The ACFE’s 5 Big Fraud Tips You Should Act on Now

By Lowers & Associates,

The ACFE’s 5 Big Fraud Tips You Should Act on Now

As part of the 2019 International Fraud Awareness Week, the Association of Certified Fraud Examiners (ACFE) distributes information and training to help anti-fraud professionals reduce the incidence of fraud and white-collar crime. A recent ACFE publication, 5 Fraud Tips Every Business Leader Should Act On, spells out five ways organizations can work to prevent and minimize fraud in the workplace. We’ve paired their recommendations with the research-based actions you can take to achieve these aims.

1. Be Proactive

A code of ethics for management and employees sets the tone that your organization is committed to conducting business honestly and fairly. Fortify your commitment with internal controls around areas of the business that are vulnerable to fraud.

In its 2018 Report to the Nations, the ACFE studied nearly 3,000 incidents of fraud across 125 nations. Here are the top 10 most common anti-fraud controls they found among the organizations in the study:

  1. Code of conduct: 80%
  2. External audit of financial statements: 80%
  3. Internal audit department: 73%
  4. Management certification of financial statements: 72%
  5. External audit of internal controls over financial reporting: 67%
  6. Management review: 66%
  7. Hotline: 63%
  8. Independent audit committee: 61%
  9. Employee support programs: 54%
  10. Anti-fraud policy: 54%

The study found that weaknesses in internal controls were responsible for nearly 50 percent of all fraud cases.

2. Establish Hiring Procedures

Background checks will continue to be one of the best practices any workplace can implement, yet surprisingly, a full 96 percent of fraud perpetrators had no prior fraud conviction, according to the AFCE’s 2018 report. Therefore, understanding the behavioral red flags displayed by fraud perpetrators can help organizations detect fraud and mitigate losses. The AFCE found that 85 percent of fraudsters displayed at least one of the six red flags listed below and 50 percent of them exhibited multiple red flags.

Six Red Flags of Fraud:

  1. Living beyond means
  2. Financial difficulties
  3. An unusually close relationship with vendor/customer
  4. Control issues, unwillingness to share duties
  5. Divorce/family problems
  6. “Wheeler-dealer” attitude

3. Train Employees in Fraud Prevention

Looking for signs of fraud isn’t top of mind for most employees, but having a code of ethics and internal controls create a strong workplace culture that’s attuned to the possibility of fraudulent activity. Employers can take this awareness a step further by educating employees on how to recognize fraud in their day-to-day lives.

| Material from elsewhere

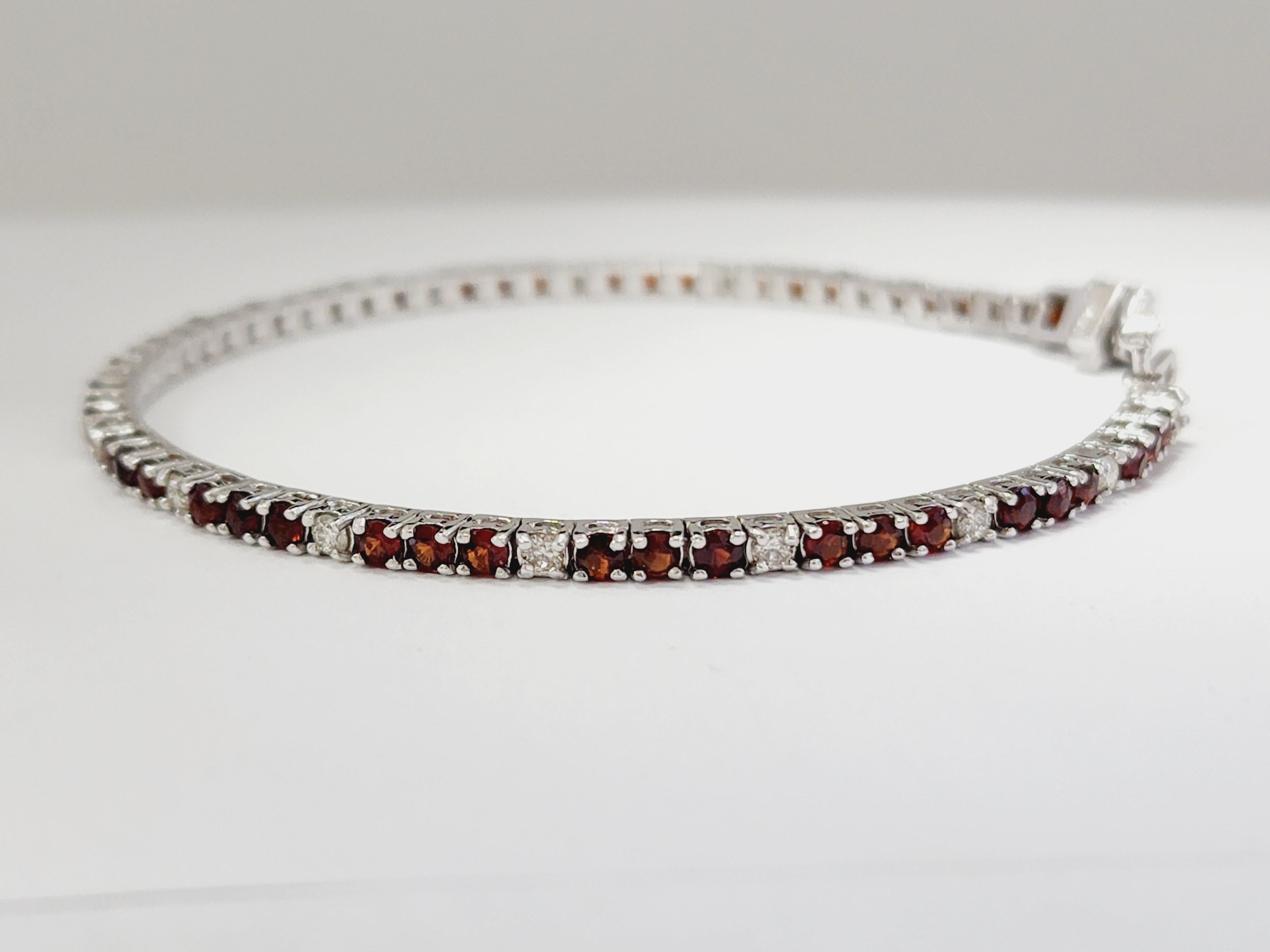 4 Carats Classic Garnet Diamond Tennis Bracelet White Gold 14K In New Condition In Great Neck, NY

Here are the top eight concealment strategies used by fraudsters:

  1. Created fraudulent documents: 55%
  2. Altered physical documents: 48%
  3. Created fraudulent transactions in the accounting system: 42%
  4. Altered transactions in the accounting system: 34%
  5. Altered electronic documents or files: 31%
  6. Destroyed physical documents: 30%
  7. Created fraudulent electronic documents or files: 29%
  8. Created fraudulent journal entries: 27%

4. Implement a Fraud Hotline

Now that employees know some of the signs to look for, employers should also provide a clear means for reporting suspected fraud. The top three ways that fraud is detected are through tips (40%), internal audits (15%), and management review (13%).

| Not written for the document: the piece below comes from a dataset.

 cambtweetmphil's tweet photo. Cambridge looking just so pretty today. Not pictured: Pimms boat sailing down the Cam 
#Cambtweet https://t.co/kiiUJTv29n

Employees are responsible for reporting 53 percent of occupational fraud cases with the remaining coming from outside parties, such as customers, vendors, or shareholders.

Having a fraud hotline has proved to be instrumental in detecting fraud. In fact, 46 percent of cases detected by tips in the AFCE’s study had hotlines versus 30 percent coming from tips where no hotline existed.

5. Increase the Perception of Detection

Keeping the risk of fraud both top of mind and at the forefront of your organizational policies and practices is key to preventing, recognizing, and mitigating its impacts. In addition to having employees sign a code of conduct, make sure you’re regularly communicating to staff about anti-fraud policies. Remind them of the methods available to report suspicions of misconduct and the potential consequences (including termination and prosecution) of fraudulent behavior.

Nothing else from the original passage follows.